REQUIREMENT
Each line from the one with "Ação ambiental: Sederma" through the last line of the material is to be printed exactly; no other line and no picture belongs in the copy.

DATASET RECORDS
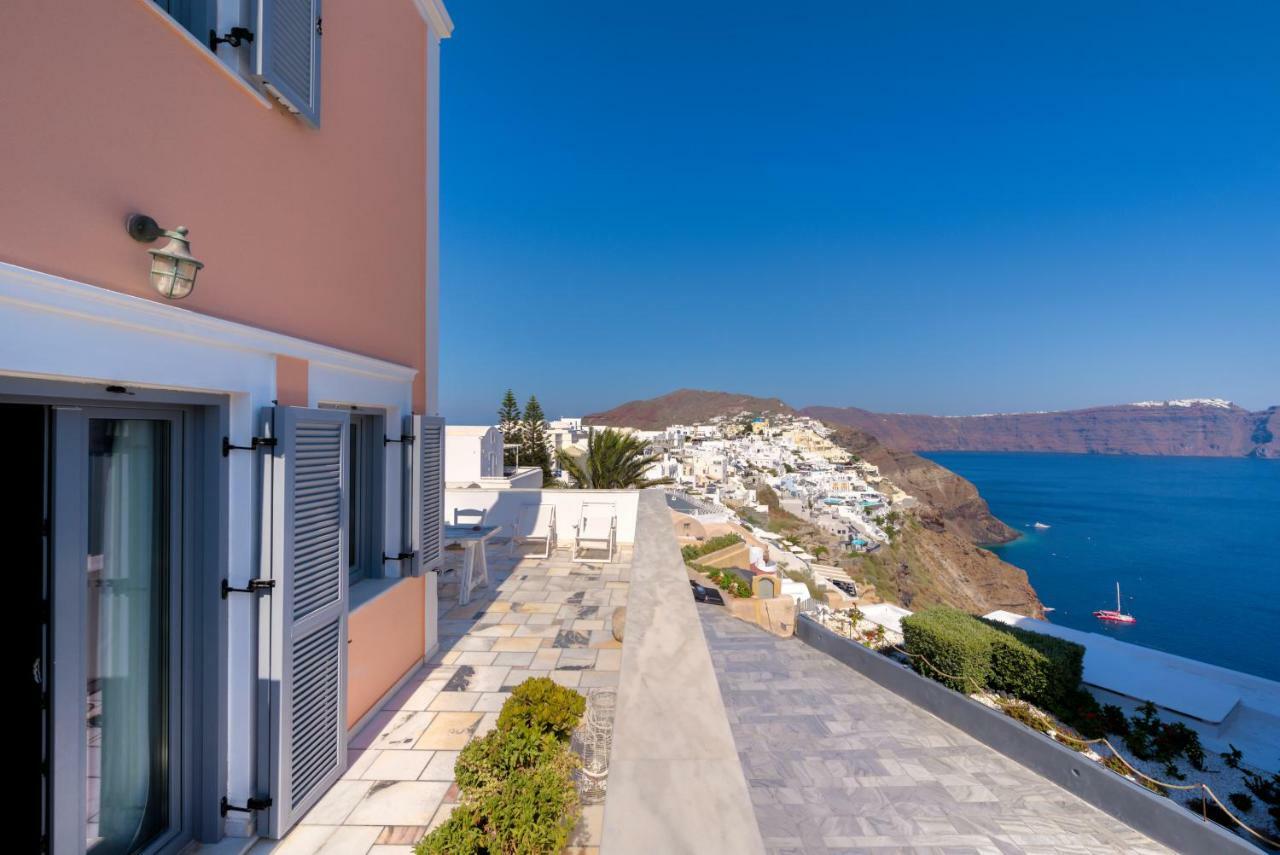 Oia Captain'S Villa Exterior photo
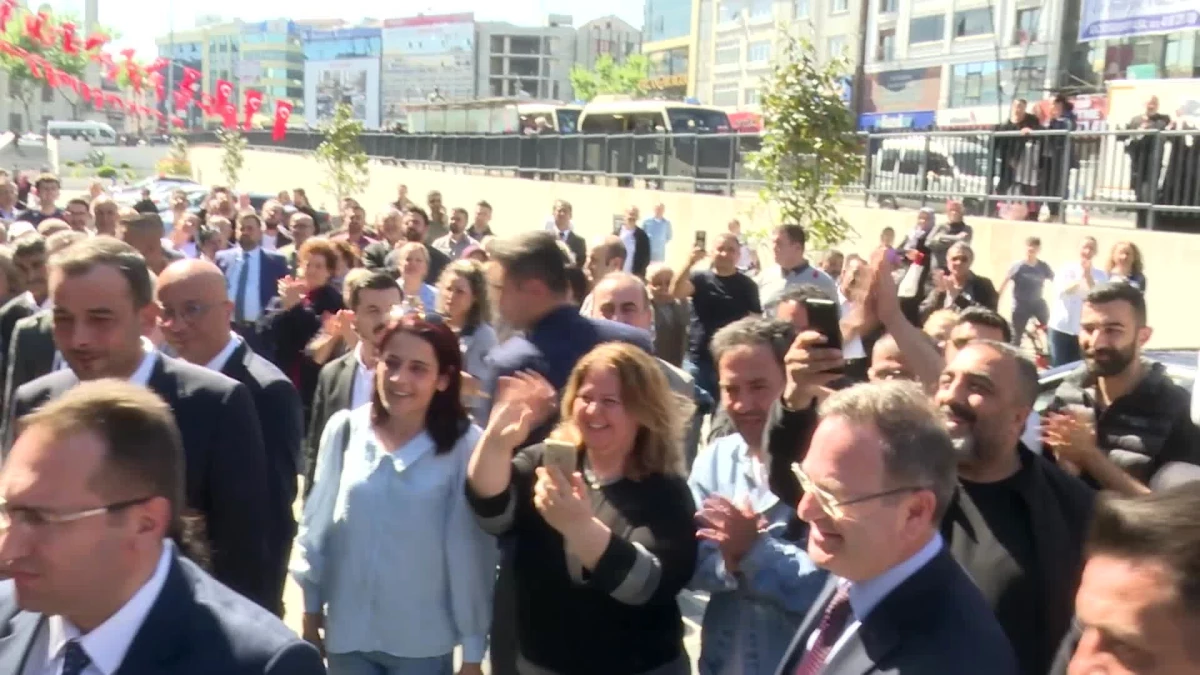 İmamoğlu, Gaziosmanpaşa Belediye Başkanı Hakan Bahçetepe\'yi tebrik etti
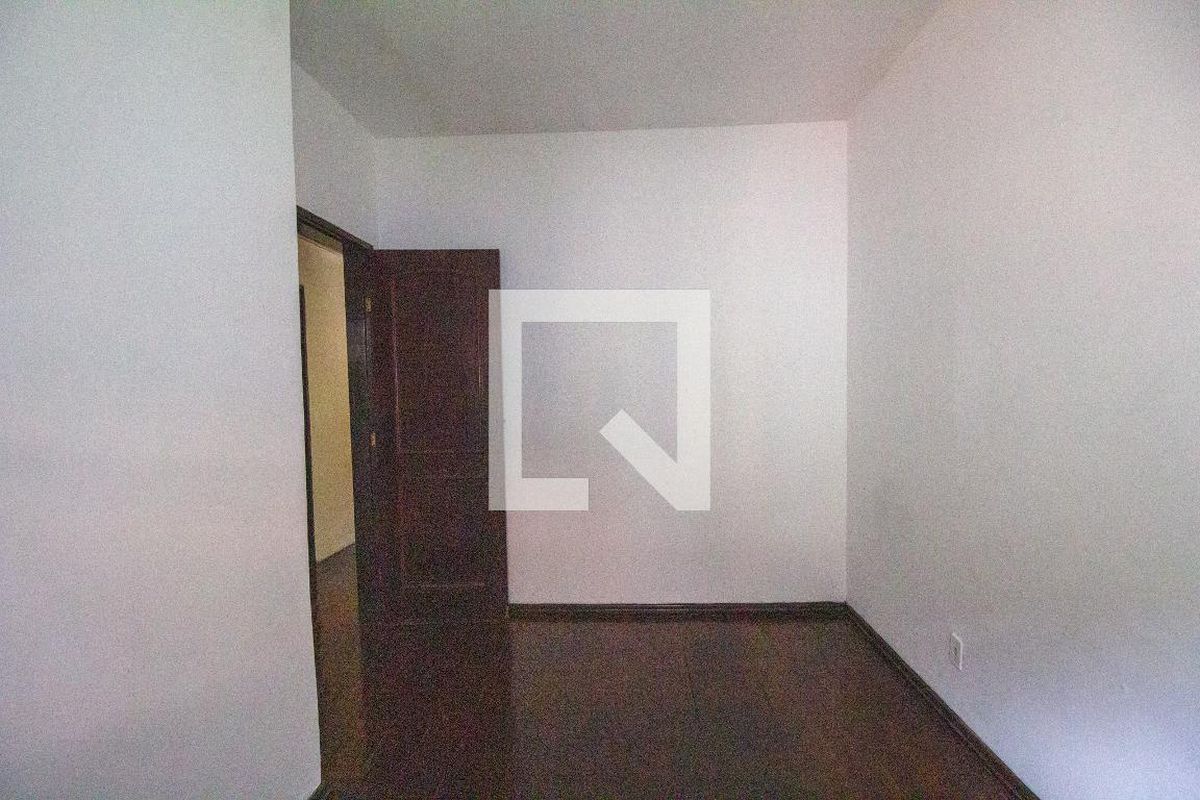 Casa, 4 quartos, 250 m² - Foto 30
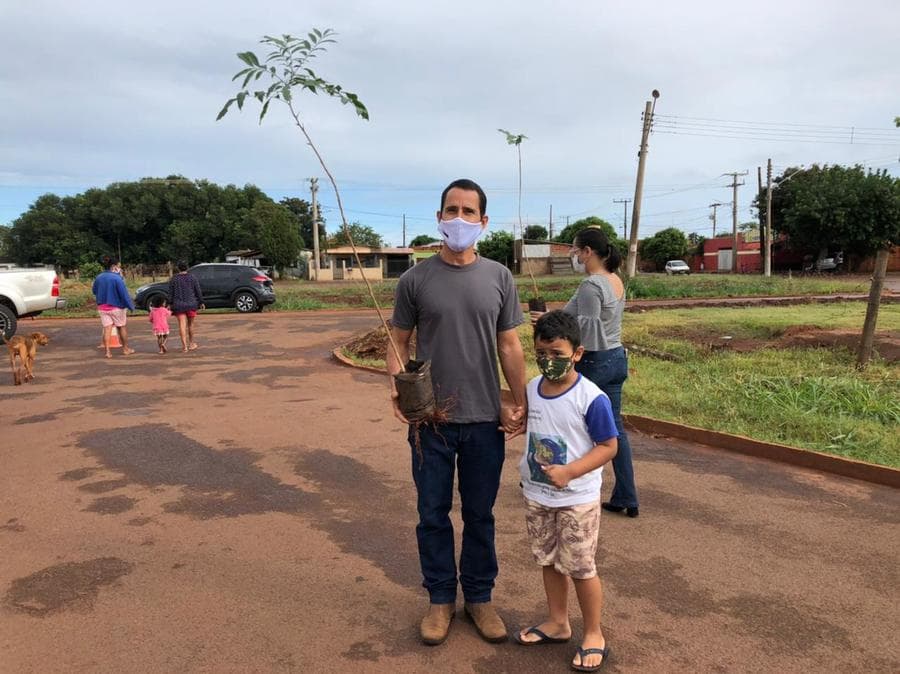 Ação ambiental: Sederma realiza coleta de lixo eletrônico e faz doação de mudas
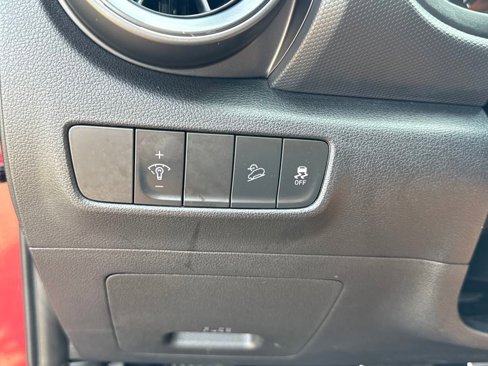 Used 2022 Hyundai Kona N Line image 19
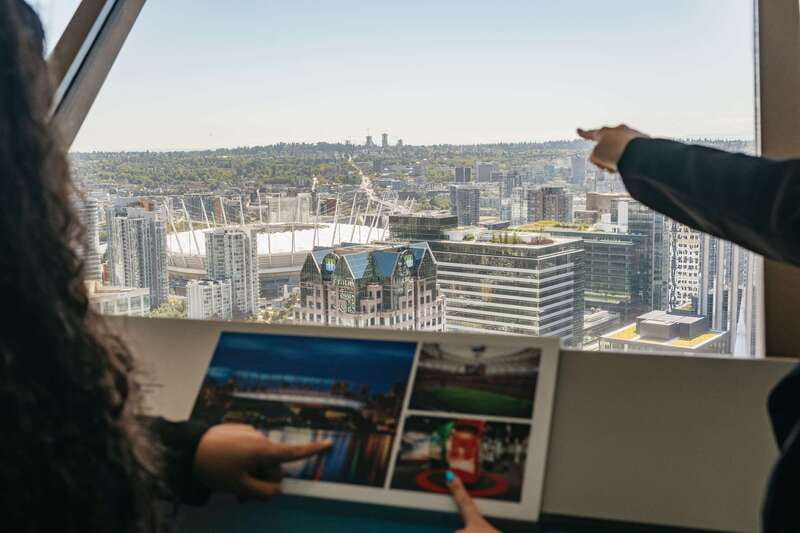 Vancouver: Entry Ticket for the Vancouver Lookout - A Quick Note on Food Expectations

SOLUTION FOR THIS TASK
 Ação ambiental: Sederma realiza coleta de lixo eletrônico e faz doação de mudas
 Used 2022 Hyundai Kona N Line image 19
 Vancouver: Entry Ticket for the Vancouver Lookout - A Quick Note on Food Expectations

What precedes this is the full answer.